Bed and breakfasts have been established as well as a few restaurants in the area which are world-class and provide pleasant and enjoyable surroundings for those who choose to visit this part of the province.

Although we now have more and more attractions for tourists, we still have many challenges to face in attracting visitors to our area. We must market the district so that tourists will want to come and see the magnificent attractions we offer. One example of a challenge that we face is the signage on the 100-Series Highways. Providing appropriate signage is getting to be more crucial now that we have more attractions in the area. It is something that we have to continue to work on to try to overcome this particular challenge.

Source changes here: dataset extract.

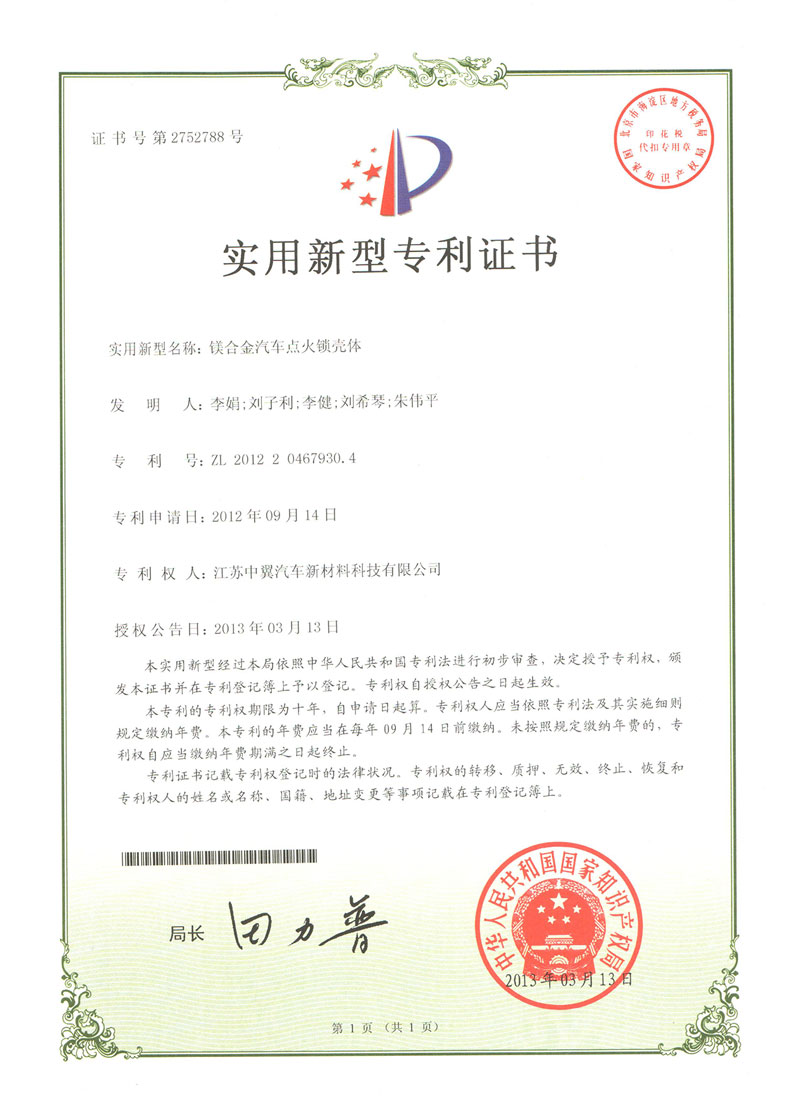 鎂合金汽車點(diǎn)火鎖殼體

Madam Speaker, I would be delinquent in my duty as the MLA for Argyle if I did not mention the MV Bluenose ferry. As you know, this ferry is a key component to the economy of southwestern Nova Scotia. What can we do to have it remain a key component of the economy?

[1:30 p.m.]

First of all, we must focus on what we want to accomplish with this service. Do we merely want a link to the United States or do we want something else? We, as residents of southwestern Nova Scotia must make the decisions and arrive at solutions. We have already experienced what happens when decisions are taken out of our hands and made elsewhere. We cannot allow this to happen again. I am pleased that creative and innovative solutions have been presented to our federal counterparts and I would also like to thank the local RDA, through the Chairmanship of Gerry Boudreau, for the work that they have done here. I know I have made a trip myself to Ottawa to try to voice support for finding some type of solution that would leave the link between Yarmouth, southwestern Nova Scotia and the Province of Nova Scotia to the New England State. We must continue to voice this concern to Marine Atlantic and to our federal counterparts so that a solution can be reached to allow this service to remain in Yarmouth.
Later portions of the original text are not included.